I have some large csv files (1.5gb each) where I need to replace specific values. The method I'm currently using is terribly slow and I'm fairly certain that there should be a way to speed this up but I'm just not experienced enough to know what I should be doing. This is my first post and I tried searching through to find something relevant but didn't come across anything. Any help would be appreciated.
My other thought would be to break the file into chunks so that I can read the entire thing into memory, do all of the replacements there and then output to a consolidated file. I tried this but the way I did it actually ended up seeming slower than my current method.
Sub Main()
Dim fName As String = "2009.csv"
Dim wrtFile As String = "2009.1.csv"
Dim lRead
Dim lwrite As String
Dim strRead As New System.IO.StreamReader(fName)

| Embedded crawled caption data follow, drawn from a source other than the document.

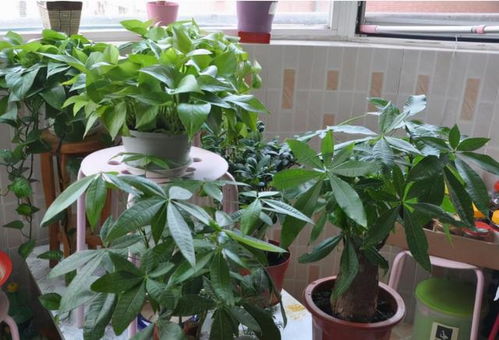 （本文包含6组对比数据、4个急救案例，部分方法经《观叶植物养护图鉴》2025版认证）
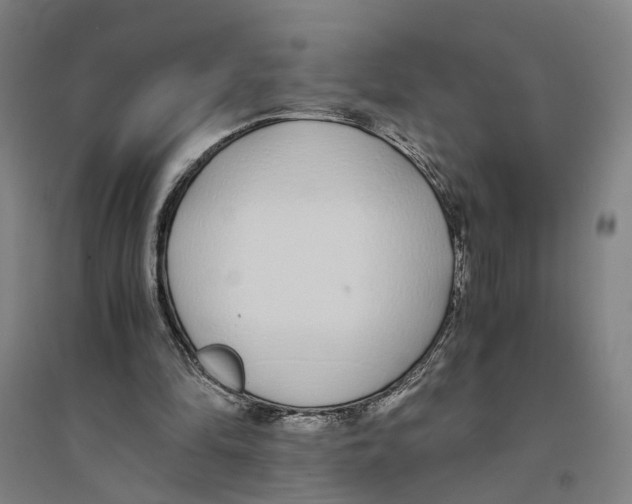 X0000094360294200711301431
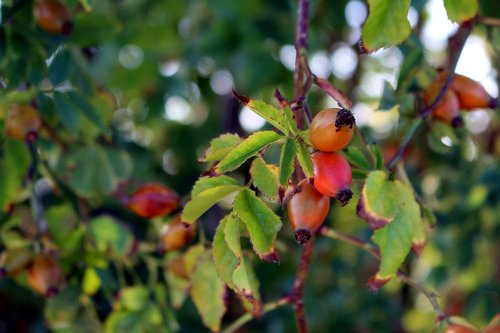 nature  rose hip  red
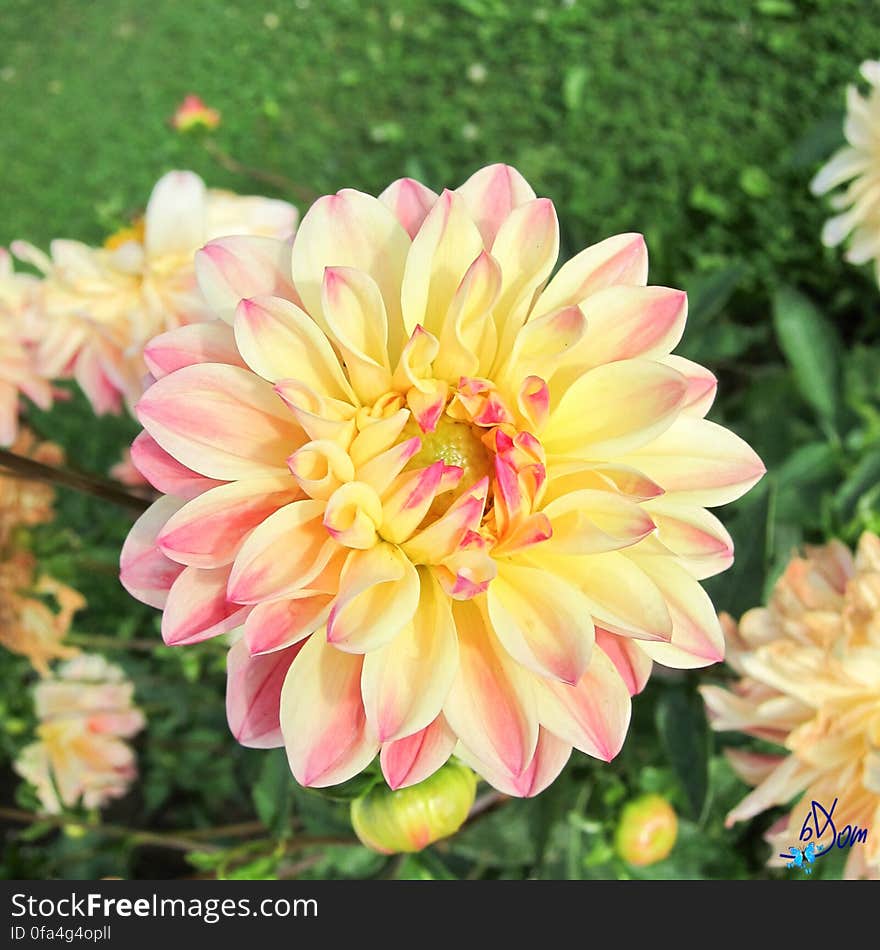 Dahlias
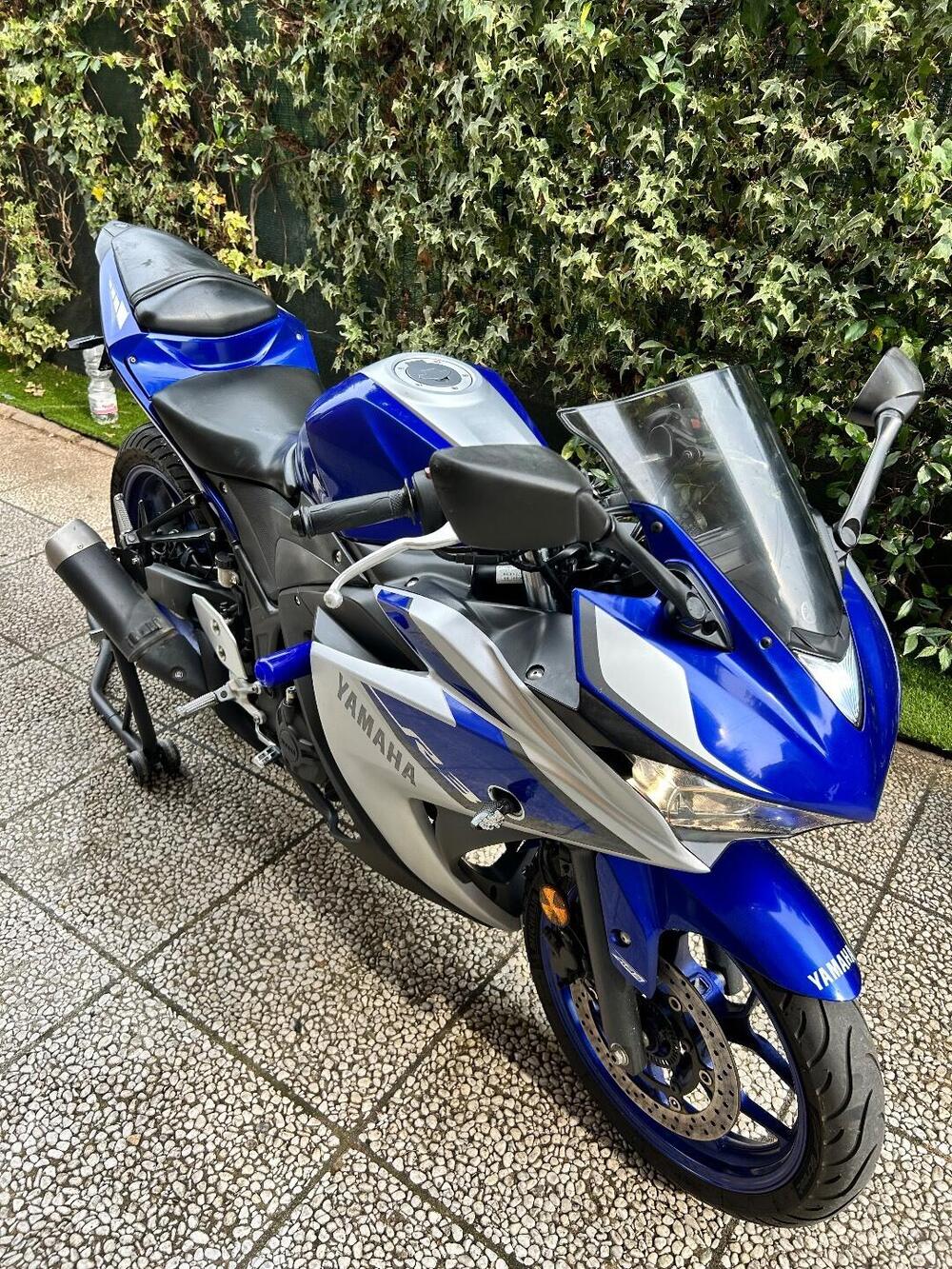 Yamaha YZF R3 (2015 - 17) (2)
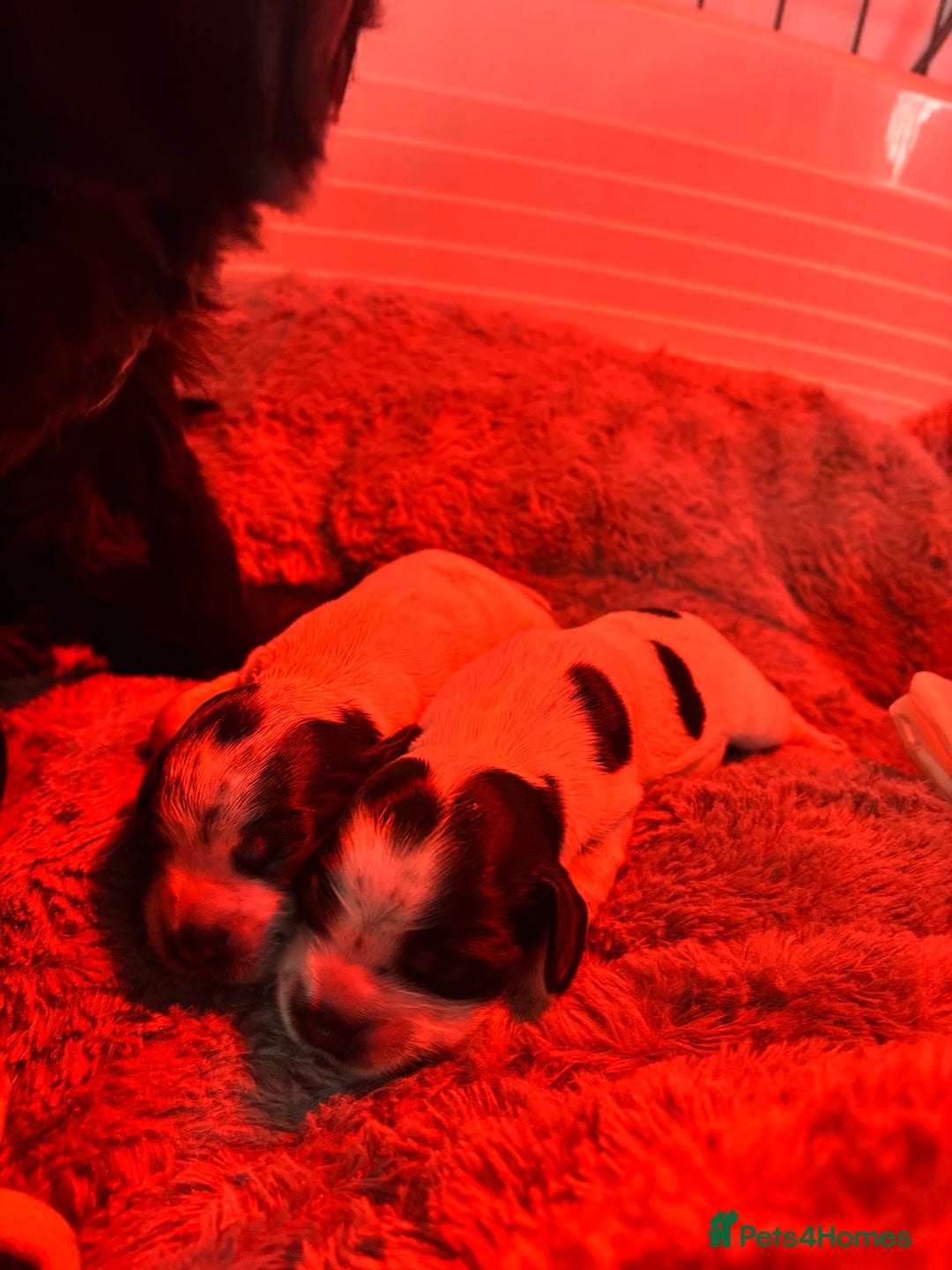 Cocker Spaniel dogs for sale: Beautiful KC reg cocker spaniel puppies  - Advert 4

Dim strWrite As New System.IO.StreamWriter(wrtFile)
Dim bulkWrite As String
bulkWrite = ""
Do While strRead.Peek <> -1
lRead = Split(strRead.ReadLine(), ",")
If lRead(9) = "5MM+" Then lRead(9) = "5000000"
If lRead(9) = "1MM+" Then lRead(9) = "1000000"
lwrite = ""
For i = LBound(lRead) To UBound(lRead)
lwrite = lwrite & lRead(i) & ","
End Sub
You are splitting and the combining, which can take some time.
Why not just read the line of text. Then replace any occurance of "5MM+" and "1MM+" with the approiate value and then write the line.
Do While ...
s = strRead.ReadLine();
s = s.Replace("5MM+", "5000000")
s = s.Replace("1MM+", "1000000")